My Lords, Amendment 21 would underpin the involvement of devolved Administrations in the Brexit process. It would both formalise and strengthen the arrangements that the Government have already put in place through the Joint Ministerial Committee, whose terms of reference commit the Government to seek to reach consensus on their negotiating position with the devolved Administrations. The amendment does not ask for the Government to do anything more than they have already undertaken other than to report on what is going on to Parliament, but we need it in the Bill, not least because the undertakings given by the Government have already been honoured more in the breach than in the observance.

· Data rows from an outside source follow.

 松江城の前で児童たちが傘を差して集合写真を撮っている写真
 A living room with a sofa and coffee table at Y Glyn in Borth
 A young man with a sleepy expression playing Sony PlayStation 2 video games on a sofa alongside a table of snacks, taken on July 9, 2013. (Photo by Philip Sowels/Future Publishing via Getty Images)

Neither the content of the Prime Minister’s Lancaster House speech nor the White Paper was discussed at the JMC; indeed, the devolved Administrations were given virtually no notice that either was imminent. This is particularly regrettable given that the Prime Minister convened a full JMC at heads of government level on 30 January, just three days before the White Paper. The gentle encouragement and legal requirement in the amendment are, therefore, needed.
Amendment 21 also requires Ministers to consult the devolved Administrations on any agreement, both on our exit from and on our future relationships with the EU, and to report on such discussions. That is the least that this House would expect before we form our own view of those agreements. As the Supreme Court recognised in the Miller case, leaving the European Union has profound implications for the devolved Administrations, because they have direct responsibility for some of the areas—such as agriculture, fisheries, the environment and economic development—that are most regulated or influenced by the EU.

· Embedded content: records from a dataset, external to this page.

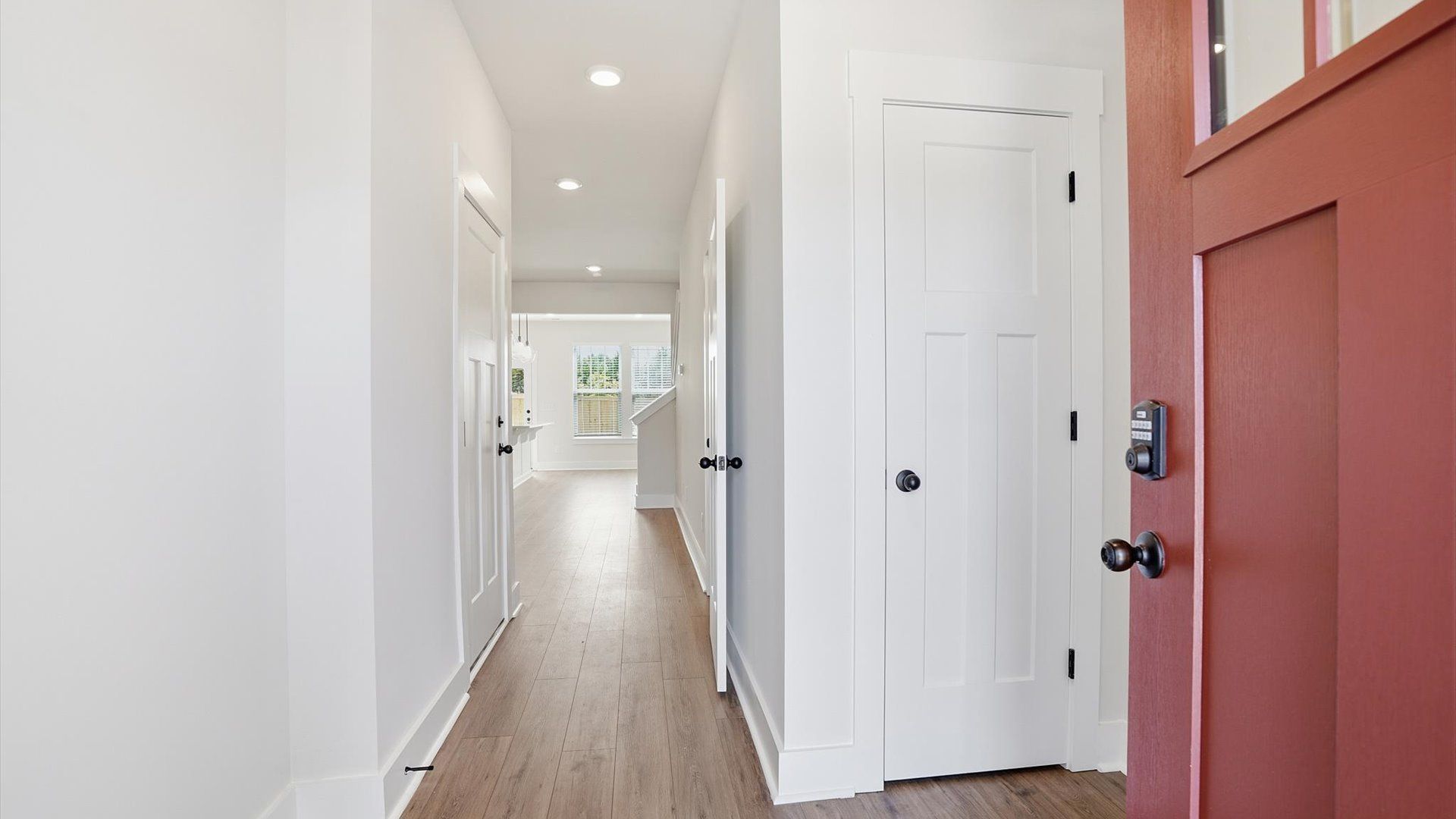 Stylish foyer with hardwood flooring and tasteful architectural detail in a superior layout at Barton Hollow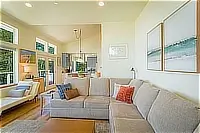 Living room with sectional sofa and large windows
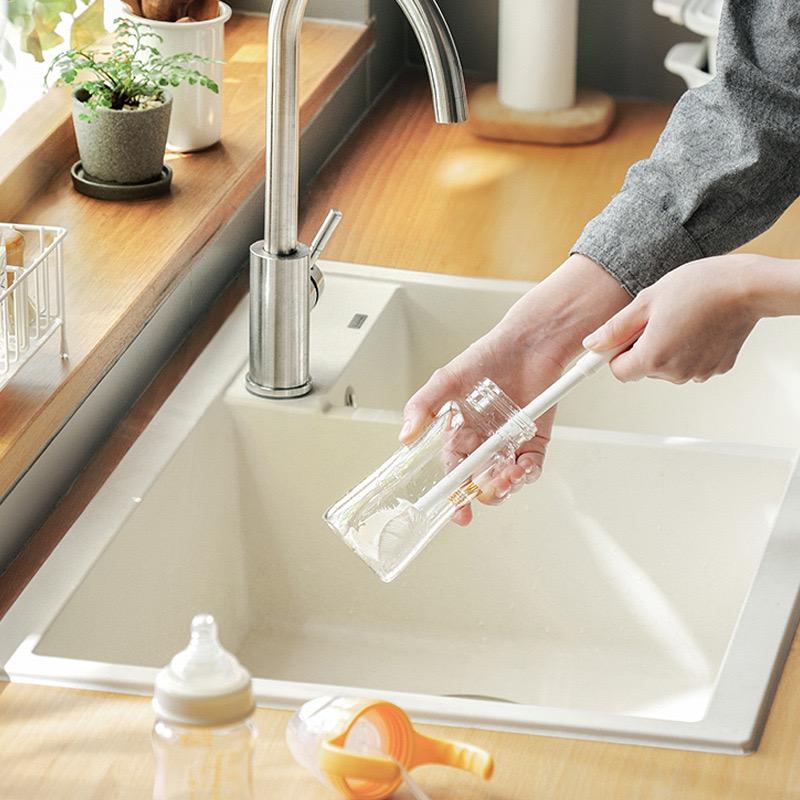 A Person is Cleaning a Bottle Using  Bottle Cup Cleaning Brush with Long Handle.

This has been explored helpfully in relation to the environment by our Select Committee on the EU in its thoughtful report Brexit: Environment and Climate Change,
which devoted a whole chapter to devolution. While acknowledging Andrea Leadsom’s admission that, in relation to the great repeal Bill, perhaps a third of the environmental regulations will not be easy to transpose, our committee considered that, in the absence of an overarching EU framework, the four parts of the UK could see considerable divergences in their environmental law. As we know, rivers flow, winds blow and the sea covers many shores, so it will be essential that the Government’s negotiations in this area are completely harmonised with the thinking in the devolved Administrations.
Furthermore, changes relating to non-devolved policies will have huge significance for devolved Administrations, particularly if the Government whisks the UK out of the customs union. Needless to say, any such decision could threaten the open border in Ireland, as we discussed on Monday. With the UK Government free to develop their own trade policy, that could undermine key policies of the devolved Administrations. As the Welsh Cabinet Secretary for Environment and Rural Affairs pointed out, a free trade agreement with New Zealand that permitted tariff-free imports of lamb could completely undermine Welsh hill farming and, with it, the environmental well-being of the Welsh uplands. I just realised that I lost my daffodil on today of all days.

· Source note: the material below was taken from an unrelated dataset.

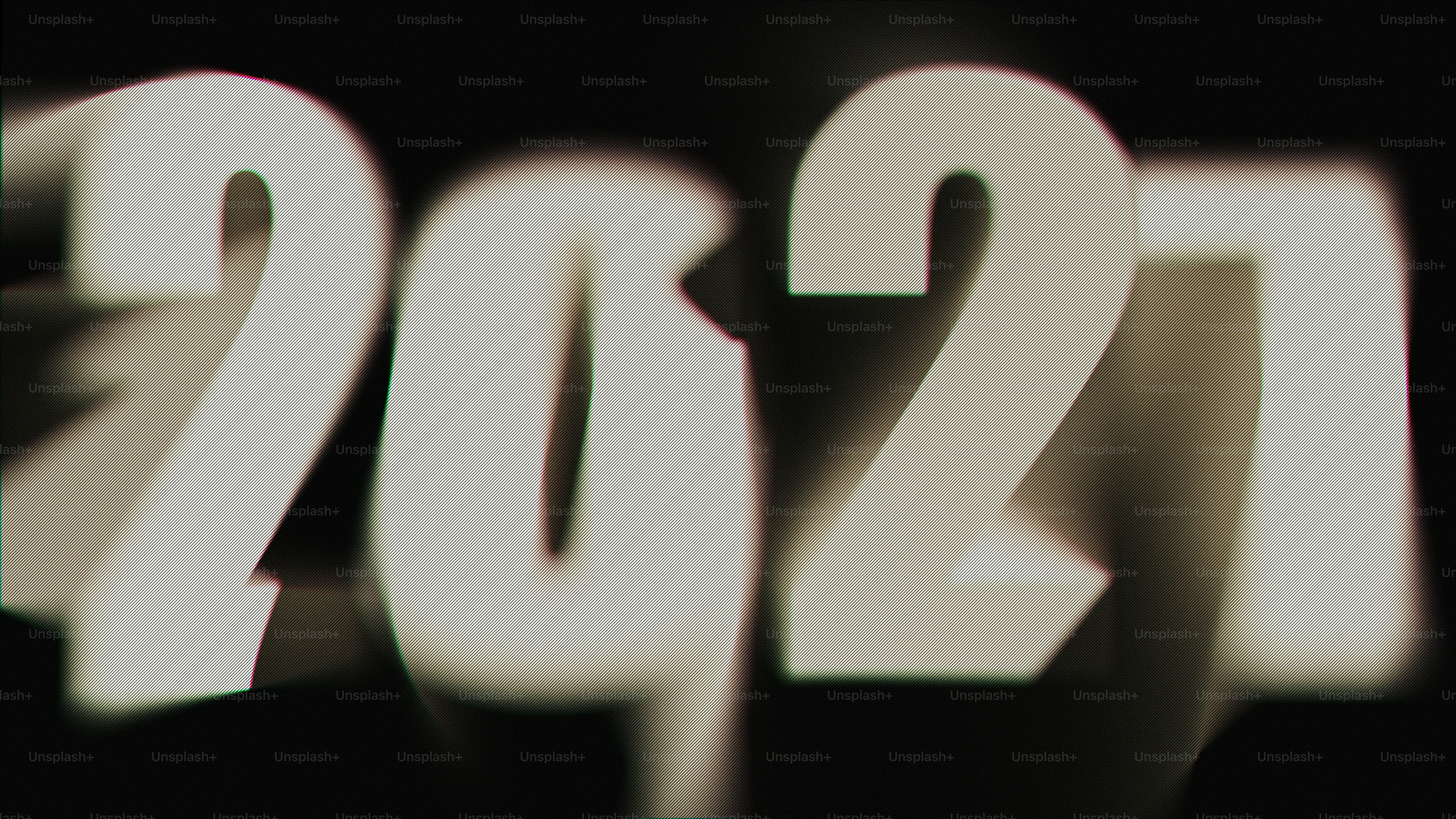 The numbers 2027 in a blurred white font with chromatic aberration on black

This modest amendment, asking the Government to commit to consult the devolved Administrations and report on that, is wholly in the spirit of the Sewel convention, which requires Parliament to consult those bodies on legislation that affects their competences. I understand from the somewhat weasel words of the White Paper that the Government believe that they should take powers currently exercised by the Commission to themselves over areas that are wholly devolved, such as agriculture and environment. Needless to say, that would be absolutely unacceptable to the Scottish and Welsh Governments, as well as inconsistent with devolution legislation, because that qualifies the devolved legislatures’ freedom to act only by requiring them to do nothing that conflicts with EU legislation. Clearly, that is going to be meaningless post our exit from the EU.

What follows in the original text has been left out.